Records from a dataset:
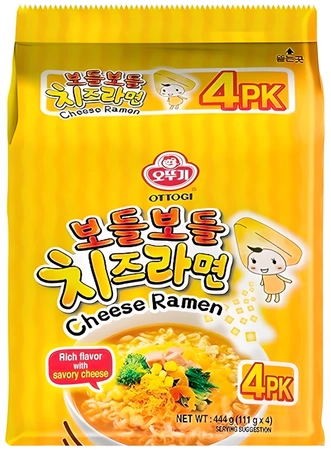 Zupa makaronowa Bodle Bodle Cheese Ramen o smaku serowym, lekko pikantna 4 x 111g - Ottogi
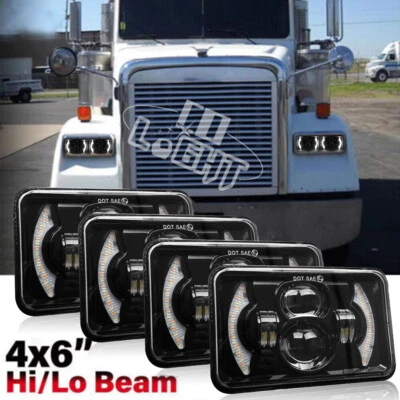Faros LED HI/Lo DRL Fit Freightliner FLD120 1988-2010 FLD112 Classic 4x6" Foto 1 de 4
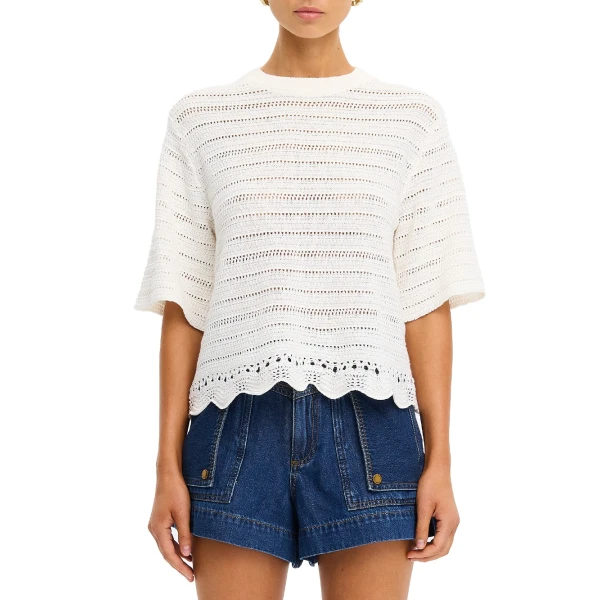 KIVARI Poppy Knit Tee in Natural, view 6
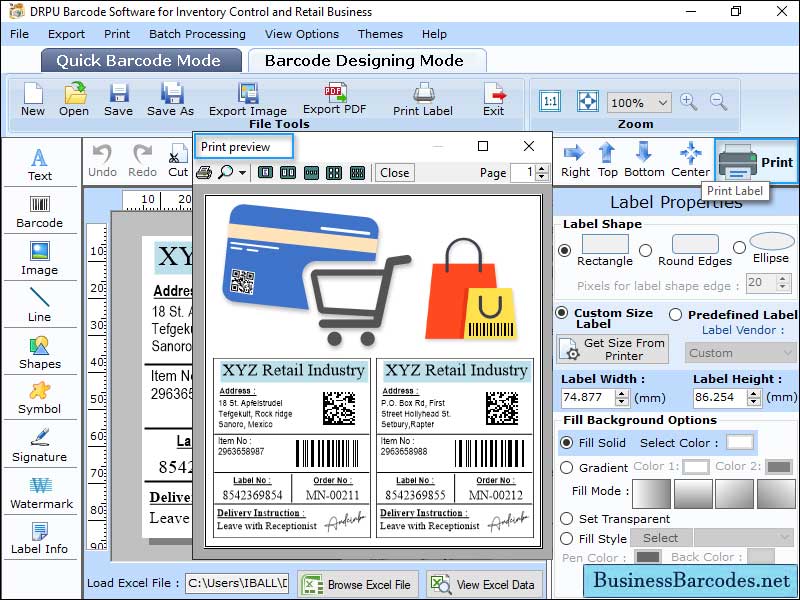 Screenshot of Barcode Software for Retail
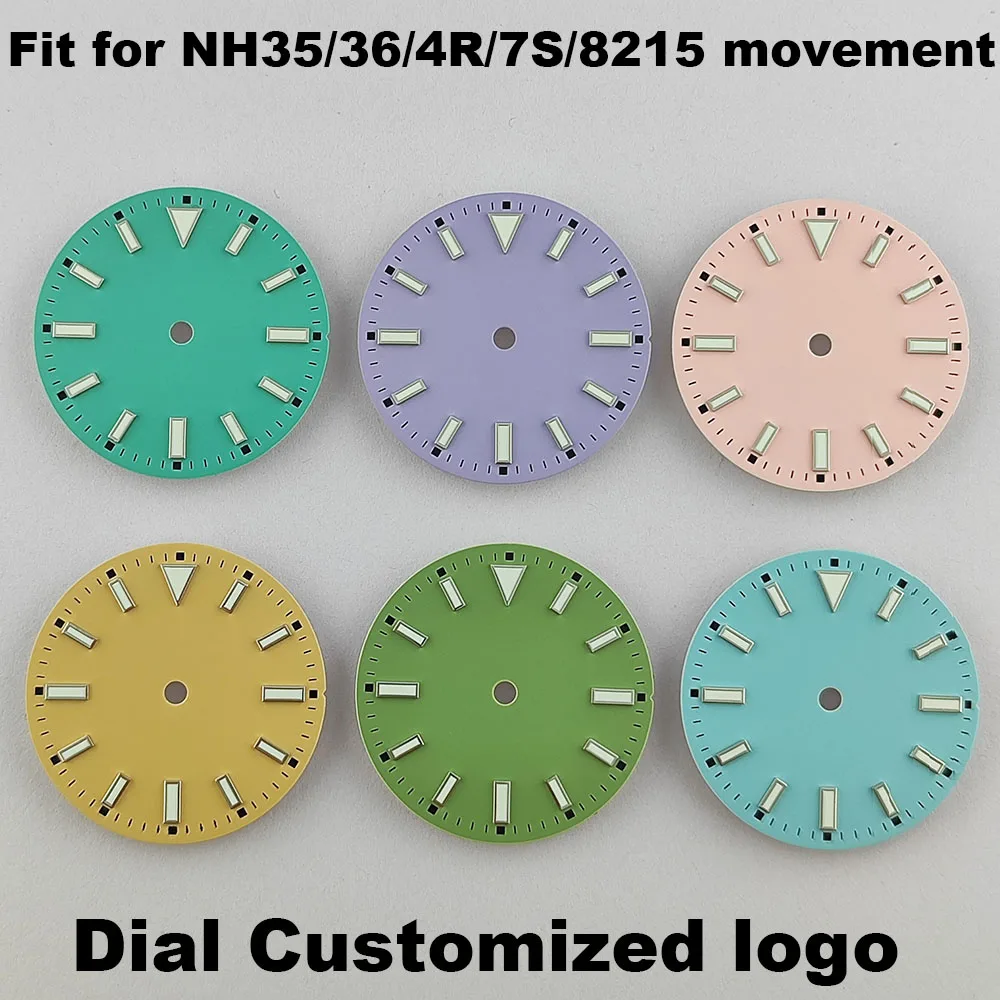 NH35 watch dial Morandi purple pink green dial suitable for NH35/NH36/4R/7S/8215 movement custom logo dial accessories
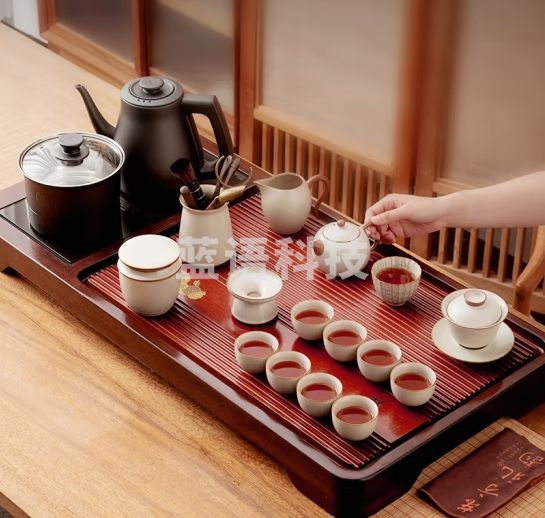 京东京造汝窑功夫茶具套装家用整套一体自动上水烧水壶高端花梨木茶盘茶台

### Instructions to follow
Please reproduce every record exactly, leaving the pictures out.

### Worked solution
 Zupa makaronowa Bodle Bodle Cheese Ramen o smaku serowym, lekko pikantna 4 x 111g - Ottogi
Faros LED HI/Lo DRL Fit Freightliner FLD120 1988-2010 FLD112 Classic 4x6" Foto 1 de 4
 KIVARI Poppy Knit Tee in Natural, view 6
 Screenshot of Barcode Software for Retail
 NH35 watch dial Morandi purple pink green dial suitable for NH35/NH36/4R/7S/8215 movement custom logo dial accessories
 京东京造汝窑功夫茶具套装家用整套一体自动上水烧水壶高端花梨木茶盘茶台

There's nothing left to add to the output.